Chapter 2 Foundations

In this chapter:

  • The data preparation process

  • The principles of data quality, and how dirty data is part of data quality

  • Understanding what makes data “clean” or “dirty”, and why context matters

  • Understanding tidy data principles

2.1 The data preparation process

As we get started on the path of preparing our data, we should think first about where we want to go.

Ellis and Leek’s article “How to Share Data for Collaboration” (Ellis and Leek 2017) is aimed at scientists (“data generators”) who have collected the data and are preparing it for further analysis in an academic environment—the authors speak about “preparing data for a statistician.”

While Ellis and Leek have a specific context in mind, the principles in their paper have broad applicability, and the practices are essential in any environment, including a business, government, or non-profit organization. And in those contexts, the roles and responsibilities and the division of labour in the workflow, are often different than in an academic environment. The data collection and storage might be to support a business need, and the use of the data for business intelligence is a secondary benefit. As a result, there is often a middle person who isn’t involved in the collection of the data but who does the preparation of the data for the modelling, visualization, and reporting. That same person might also be responsible for the modelling, visualization, and reporting.

At the end of the data preparation phase, before visualization and modelling can start, there should be:

1. The raw data.

2. A tidy dataset (Wickham 2014).

3. A code book describing each variable and its values in the tidy dataset.

4. An explicit and exact recipe used by the researcher to go from 1 to 2 to 3.

Over the next few chapters in this book, we will look at examples of creating a tidy data set (including cleaning the data), creating the code book, and documenting our steps along the way, thereby creating an “explicit and exact recipe.”

Whether we are preparing data as part of our own analytic project or to make it available for sharing, these should be our goals.

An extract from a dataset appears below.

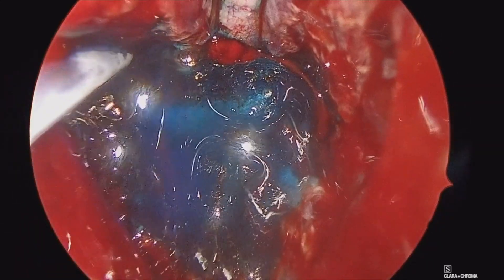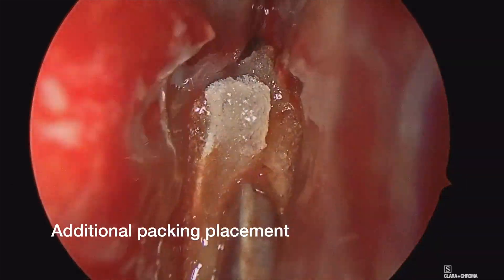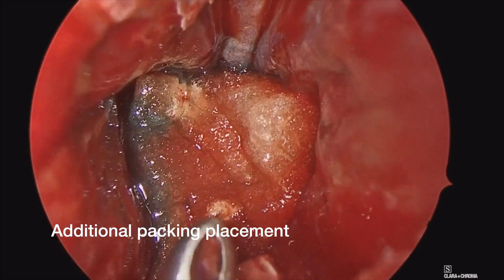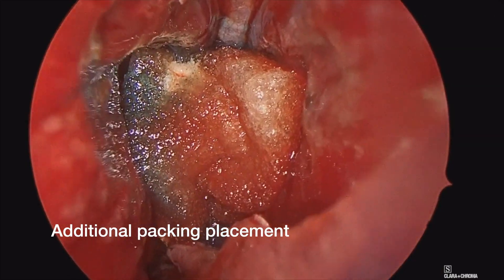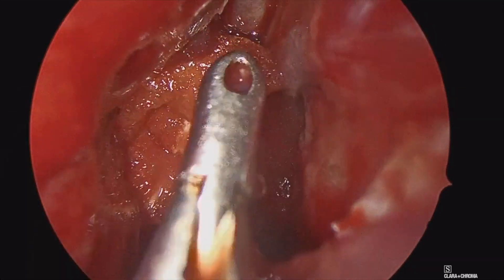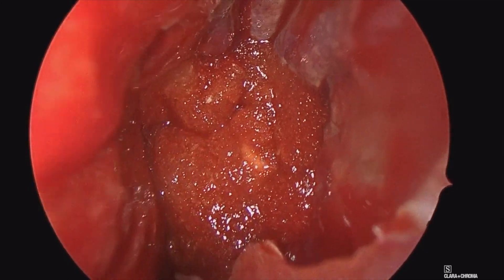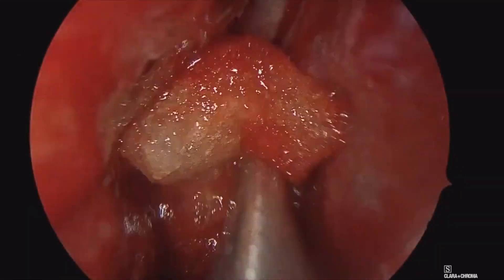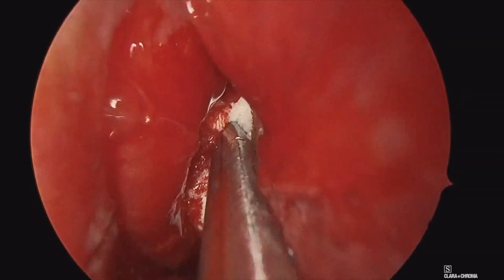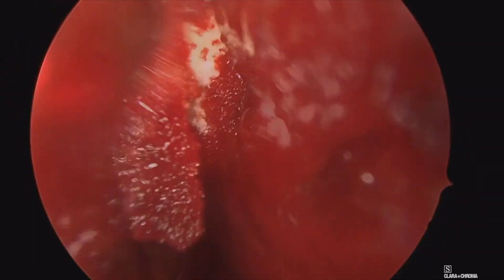Once that tissue glue is placed, I will put a single layer of gel foam over top of the glue. This allows me to have a barrier when I debride the patient between additional packing material, which will be debrided at the first visit, and gel foam, which I tend to leave in place at the first debridement to ensure I don't accidentally remove the graft itself. So there's gel foam going in, and then you'll see additional resorbable packing material, which I'll be able to debride at their post-operative visit.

2.1.1 Elements of an iterative process

This list below are things that make up the process you will go through in preparing your data for analysis and modelling. These are not “steps”, in that data preparation is an iterative process, it’s not linear or even necessarily sequential.

  1. Save a copy of the original data. Do not make any edits, and consider making the file “read-only”.

  2. Start a new blank “readme” file, and in that file record a few key points, including the project’s research objective and information about the data file’s origin. You can also draft an outline of the steps that you think you’re going to take in the preparation process, as the first contribution to a literate programming approach.

  3. Import the data into your R environment.

  4. Explore and validate the data, assessing the structure, looking for missing values and other “dirty” elements.

  5. Clean the data. (And then validate to make sure your cleaning has been successful.)

This whole process is iterative (you will be adding to the readme file at every step), and the individual steps themselves are iterative. For example, your first code to import the data may be revisited, as you evaluate and assign variable types through the various arguments in the read function. Or your first cleaning code may address one dirty element, only to expose a second that you hadn’t previously identified.

In addition, you will be using your data wrangling, manipulation, and visualization skills at various points along the way.

2.2 Data quality

Part of the data preparation process is to ask, “What is the data’s quality?”

One resource that is useful to frame your thinking on this is Statistics Canada’s Quality Guidelines (Statistics Canada 2019). Like other official statistical agencies around the world, Statistics Canada’s reputation is staked on making high quality data available to the widest possible audience. They have identified six elements of data quality.

  • Relevance: The degree to which the data meets the user’s needs and relates to the issues that the user cares about.

  • Timeliness and punctuality: The delay between the information reference period and the date when the data becomes available.

  • Accuracy and reliability: Accuracy “is the degree to which the information correctly describes the phenomena it was designed to measure.”

  • Accessibility and clarity: “The ease with which users can learn that the information (including metadata) exists, find it, view it and import it into their own work environment.”

  • Interpretability: “The availability of supplementary information and metadata needed to interpret and use statistical information appropriately.”

  • Coherence and comparability: “The degree to which it can be reliably combined and compared with other statistical information within a broad analytical framework over time.”

In our data preparation process, we want to ensure our own work is accessible and interpretable; this is the motivation behind documentation.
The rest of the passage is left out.